Schnell, gezielt, effektiv: Politik als Serviceleistung
Campact reagiert auch auf ein Bedürfnis nach „Service“-Politik. Mit wenig persönlichem Aufwand der Teilnehmer soll in kurzer Zeit ein großer Effekt erzielt werden. So gibt es für jede Kampagne eine 5-Minuten-Info als Einführung in Thema und Argumentation. Vorformulierte Briefe lassen sich schon nach wenigen Mausklicks an die richtige Stelle schicken. „Wir wollen damit auch Menschen ansprechen, die von den sozialen Bewegungen nicht angesprochen werden und nicht die nötige Zeit haben, sich zu engagieren. Dabei gibt es niederschwellige und hochschwellige Angebote: Man kann den Aufruf unterschreiben oder selbst seinen Protest formulieren“, so Christoph Bautz.
Gezielt werden so die Volksvertreter mit dem Bürgerwillen konfrontiert. Den Auftakt bildete im April der Kampf gegen die drohende EU-Richtlinie für die Einführung von Softwarepatenten. Hier schloss sich Campact der starken und am Ende erfolgreichen europäische Protestbewegung gegen die Annahme der Richtlinie im EU-Parlament an. Zusammen mit Attac wurde auf die gezielte Bearbeitung der deutschen Parlamentarier gesetzt. Zur den E-Mails kamen zusätzliche Proteste vor Ort und eine Online-Demonstration, an der sich über 5.000 Menschen beteiligten. Die Versendung von Protestbriefen an den Abgeordneten des eigenen Wahlkreises wird als besonders wirksames Instrument eingestuft. So auch vor einem Monat, als kurz vor der Bundestags-Abstimmung über die Offenlegung der Nebeneinkünfte schon ca. 1.000 E-Mails genügten, um 120 Abgeordnete zu persönlichen Reaktionen auf die Mailaktion zu bewegen.
Von den Anfangserfolgen ermutigt, wagt sich Campact derzeit an einen größeren Brocken: „Mehrwertsteuer? Finger weg“ heißt die aktuelle Kampagne.
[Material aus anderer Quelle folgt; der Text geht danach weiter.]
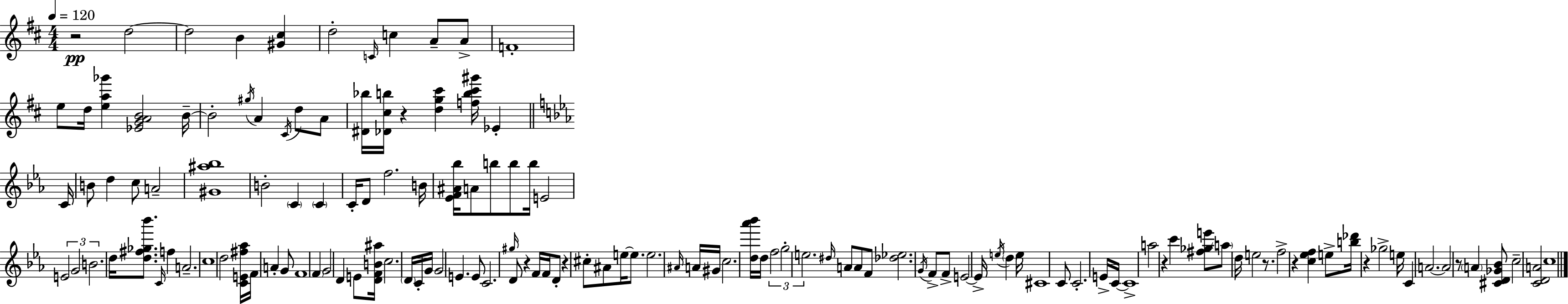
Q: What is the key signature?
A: D major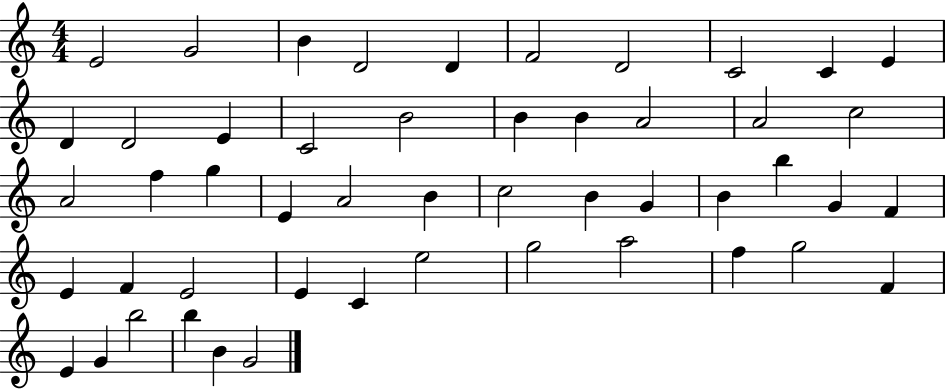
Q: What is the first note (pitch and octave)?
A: E4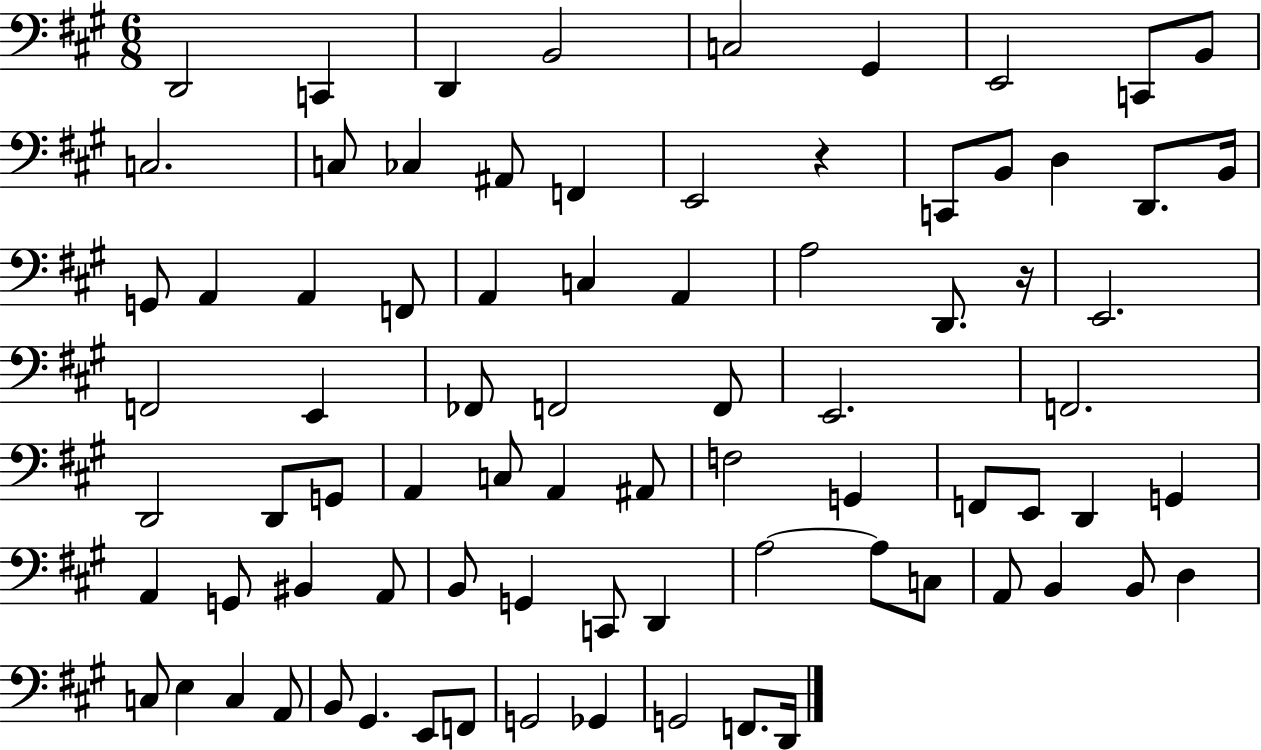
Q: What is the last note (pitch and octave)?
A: D2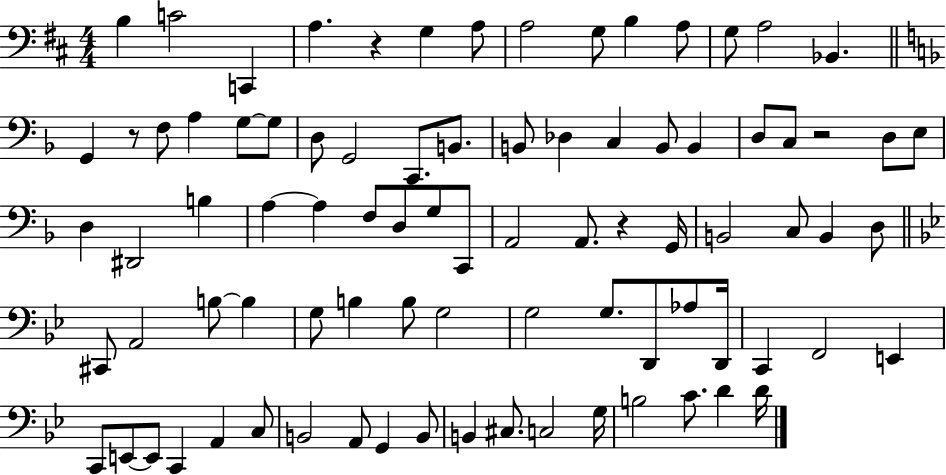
{
  \clef bass
  \numericTimeSignature
  \time 4/4
  \key d \major
  \repeat volta 2 { b4 c'2 c,4 | a4. r4 g4 a8 | a2 g8 b4 a8 | g8 a2 bes,4. | \break \bar "||" \break \key f \major g,4 r8 f8 a4 g8~~ g8 | d8 g,2 c,8. b,8. | b,8 des4 c4 b,8 b,4 | d8 c8 r2 d8 e8 | \break d4 dis,2 b4 | a4~~ a4 f8 d8 g8 c,8 | a,2 a,8. r4 g,16 | b,2 c8 b,4 d8 | \break \bar "||" \break \key bes \major cis,8 a,2 b8~~ b4 | g8 b4 b8 g2 | g2 g8. d,8 aes8 d,16 | c,4 f,2 e,4 | \break c,8 e,8~~ e,8 c,4 a,4 c8 | b,2 a,8 g,4 b,8 | b,4 cis8. c2 g16 | b2 c'8. d'4 d'16 | \break } \bar "|."
}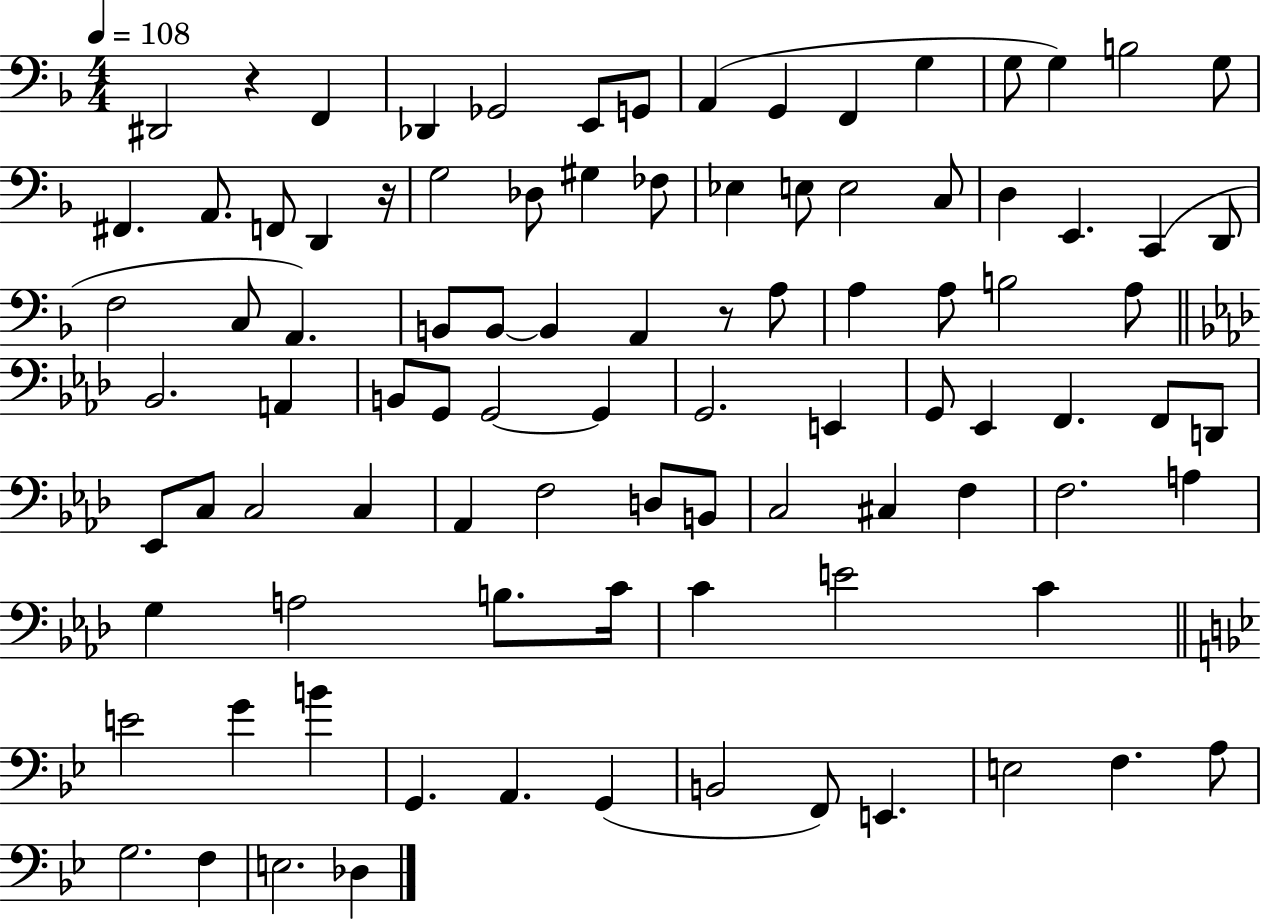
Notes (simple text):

D#2/h R/q F2/q Db2/q Gb2/h E2/e G2/e A2/q G2/q F2/q G3/q G3/e G3/q B3/h G3/e F#2/q. A2/e. F2/e D2/q R/s G3/h Db3/e G#3/q FES3/e Eb3/q E3/e E3/h C3/e D3/q E2/q. C2/q D2/e F3/h C3/e A2/q. B2/e B2/e B2/q A2/q R/e A3/e A3/q A3/e B3/h A3/e Bb2/h. A2/q B2/e G2/e G2/h G2/q G2/h. E2/q G2/e Eb2/q F2/q. F2/e D2/e Eb2/e C3/e C3/h C3/q Ab2/q F3/h D3/e B2/e C3/h C#3/q F3/q F3/h. A3/q G3/q A3/h B3/e. C4/s C4/q E4/h C4/q E4/h G4/q B4/q G2/q. A2/q. G2/q B2/h F2/e E2/q. E3/h F3/q. A3/e G3/h. F3/q E3/h. Db3/q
Obwohl die Anhebung auf 19 Prozent in der großen Koalition beschlossene Sache ist, sieht Campact noch Chancen, die Einführung im Januar 2007 zu verhindern. In den ersten fünf Tagen haben sich 3.000 Menschen daran beteiligt.
Derzeit ist der reale Protest weitaus größer als der virtuelle. Allein in Lüneburg haben Anfang November 7.000 Menschen gegen die weitere Nutzung der Atomkraft demonstriert, 2.500 beteiligten sich dagegen bislang an der entsprechenden Campact-Kampagne. Keine überwältigende Zahl, aber zusätzliche Unterstützung. Und es spricht viel dafür, dass die Beteiligung parallel zu ihrem steigenden Bekanntheitsgrad wachsen wird.